Question: What are the symptoms of incontinence?
Rowan Cockerell: Incontinence describes any accidental or involuntary loss of urine from the bladder or bowel motion, faeces or wind from the bowel. Symptoms of bowel and bladder problems range in severity from -just a small leak' when you sneeze, laugh, cough exercise or lift something heavy, to complete loss of bowel and bladder control.
Question: What triggers incontinence?
Rowan Cockerell: Anyone at any age can develop some form of urinary of faecal incontinence, though some health conditions and life events can increase the risks. These include pregnancy (pre and post-natal women), menopause, obesity, urinary tract infections, constipation, specific surgeries (prostatectomy or hysterectomy), reduced mobility, chronic diarrhoea, dementia, and a range of neurological, musculoskeletal and other health conditions. More information regarding risk factors can be found here: https://www.continence.org.au/pages/whos-at-risk.html
Question: Why do many women mistakenly attribute incontinence to having children?

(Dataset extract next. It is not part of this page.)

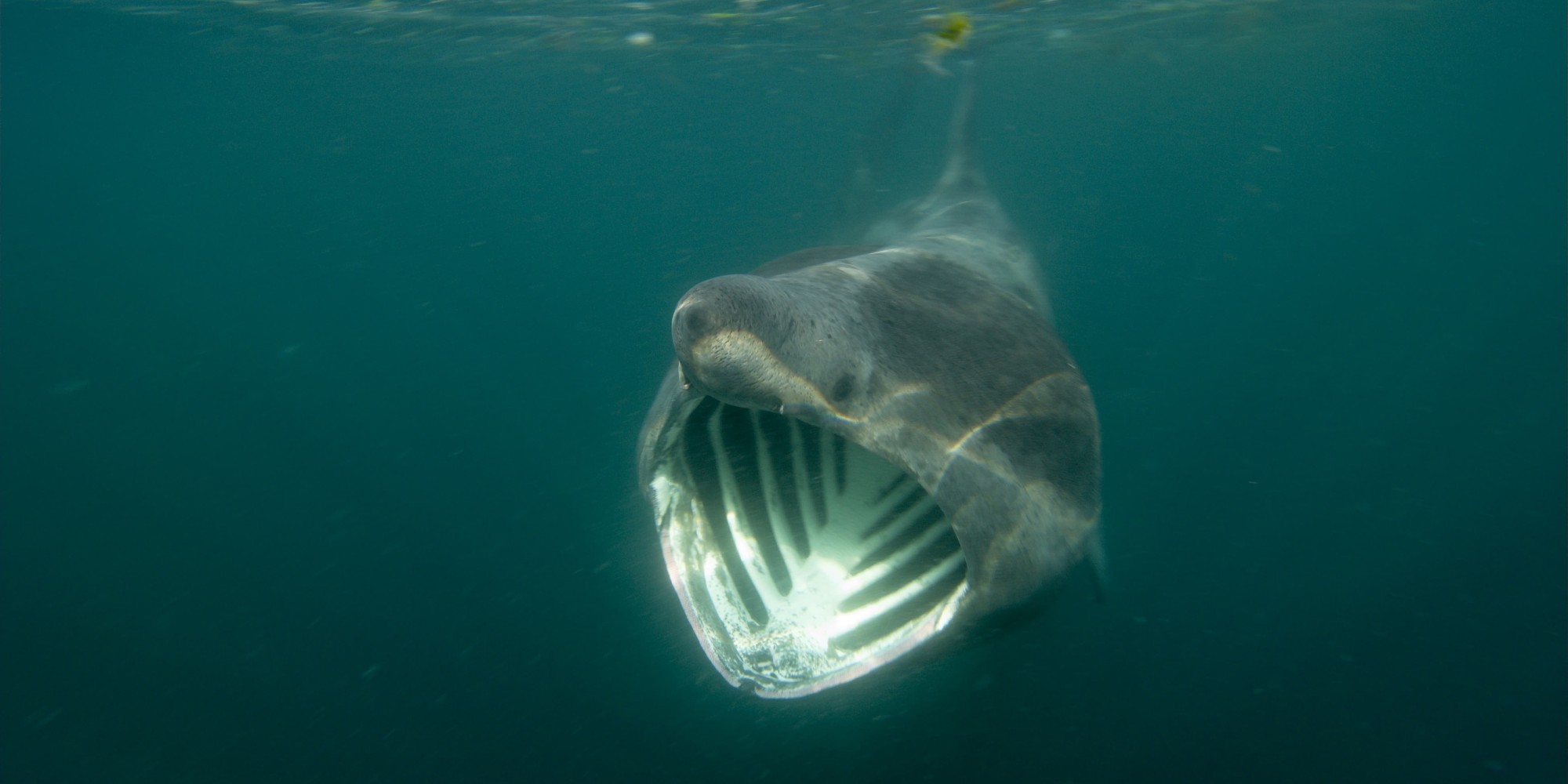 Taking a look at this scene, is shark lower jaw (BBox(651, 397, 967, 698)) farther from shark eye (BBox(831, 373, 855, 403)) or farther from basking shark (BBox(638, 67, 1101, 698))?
shark eye (BBox(831, 373, 855, 403))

Rowan Cockerell: A recent national survey of 1000 women with bladder leakage found that most (72 per cent) 'laughed it off" when talking to other women about the issue. Alarmingly 85 per cent of the women who laughed it off mistakenly attributed their bladder leakage to ageing or having children, with 45 per cent not bothering to seek treatment because they didn't consider it a serious enough health issue.
Question: What treatment options are available for incontinence?
Rowan Cockerell: Treatment and management options for bladder and bowel problems are dependent on the type of incontinence a person is experiencing. We recommend consulting a health professional to explore the best solution for you.
Question: How can women seek help for incontinence?
Rowan Cockerell: There are many avenues for help with bladder and bowel problems. We recommend starting with discussing your personal situation with your doctor. You can also contact our free National Continence Helpline (M-F 8am – 8pm EST) on 1800 33 00 66 for information, education and advice from continence nurse advisors, and visit our website for a wide range of resources, fact sheets and guides.
Question: What is a pelvic floor muscles exercise and how often should we be performing these?
Rowan Cockerell: Pelvic floor exercises are exercises that safely strengthen your -core', the base group of muscles that make up your pelvic floor. The type and frequency of exercises depends on your specific needs – no two people are the same, so the best program is one that has been specifically developed by a fitness professional or continence professional. Check out our Pelvic Floor First initiative for more information: http://www.pelvicfloorfirst.org.au/.
Question: What are the disadvantages with ignoring the signs of incontinence?
Rowan Cockerell: Leaving incontinence issues untreated can lead to all kinds of discomforts that affect your general health, wellbeing and quality of life. In the long term, incontinence issues can worsen and contribute to many serious health problems. Put simply, there are zero advantages to ignoring it - we urge anyone experiencing bowel and bladder problems to seek help from a health professional as soon as possible.